John Hight of Sony Santa Monica, who signed the duo to their much talked-of, straight-out-of-school, three-game deal, still remembers seeing Cloud for the first time. He was at the 2006 Game Developers Conference, and he needed to find small games for the downloadable Internet service on Sony’s soon-to-be-launched Playstation 3. He decided to check out the conference’s Experimental Gameplay Workshop, which had student game selections. “Honestly, my expectations weren’t too high,” he told me recently. It was a Wednesday afternoon, and the kiosks set up to show the games had been abandoned during lunch time. He was thinking, “yeah, yeah,” and listening to the typical shooting sounds, when he saw Cloud, started playing, and knew that he had found something totally different.

“It wasn’t like any game I’d played before,” Hight said. “I called up Tracy Fullerton [Santiago and Chen’s advisor at USC] and said, ‘What the hell, Tracy! Why didn’t you tell me about this?’”

Fullerton set up a meeting, and by the time graduation came along, Santiago and Chen had formed thatgamecompany with a few other USC graduates and been signed by Sony, much to the astonishment (and understandable jealousy) of other gamemakers.

Since then thatgamecompany has reworked flOw into a 3D Playstation Network game (it was originally an online Flash game) and created Flower.

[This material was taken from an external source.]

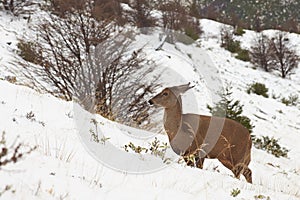 South Andean Deer photo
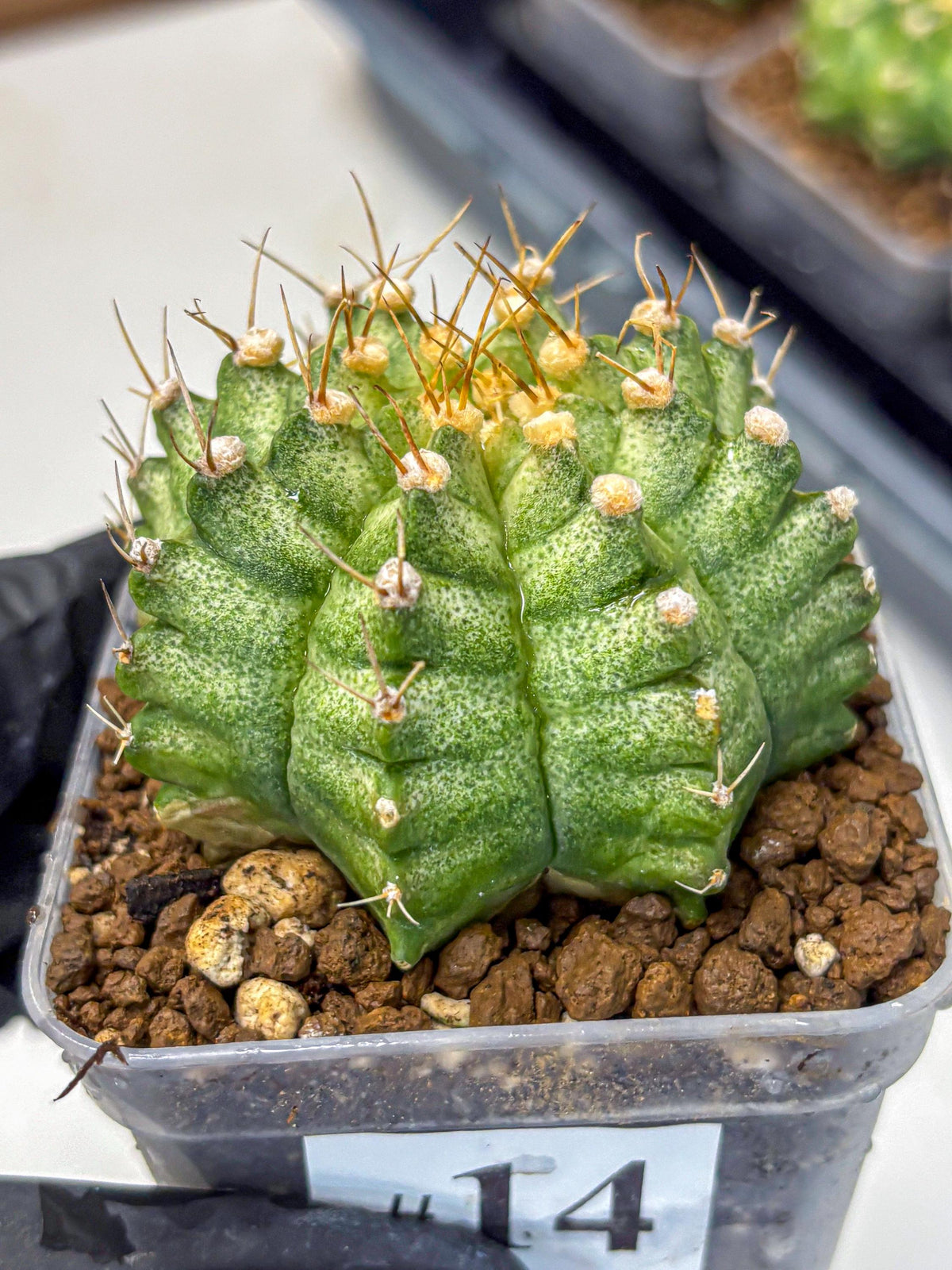 Gymnocalycium T-Lux Neon (gy14) (14) | Collector’s Edition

Flower is built on a three-act structure like a movie but with only emotion as an arc. No people, no plot. You start as a stream of petals in the wind, breezing through endless fields of grass and making flowers bloom when you brush past them. That’s the first three levels — the joy of flying, the magic of making these gorgeously-colored, glowing flowers bloom. Then, on level five, around three-quarters of the way through the game, there’s a twist. The landscape turns dark and stormy, and you find yourself navigating around collapsing electrical towers that loom menacingly against a night sky. Shocks char your petal stream if you get too close. You find yourself feeling uneasy as you play. You wonder what happened to the long, lovely fields of grass. Then in the last level you fly back to the city bringing color to gray buildings and green grass to open spaces.

“The game is about nature and urban life and creating a harmony between the two,” Chen said. Chen also told me he’d never had been able to make the game if it hadn’t been for USC — more specifically, if the USC Interactive Media Division hadn’t been housed in the School of Cinematic Arts and its curriculum influenced by its host.

“I would never have been able to come up with this kind of design if I hadn’t been around the film school,” he said.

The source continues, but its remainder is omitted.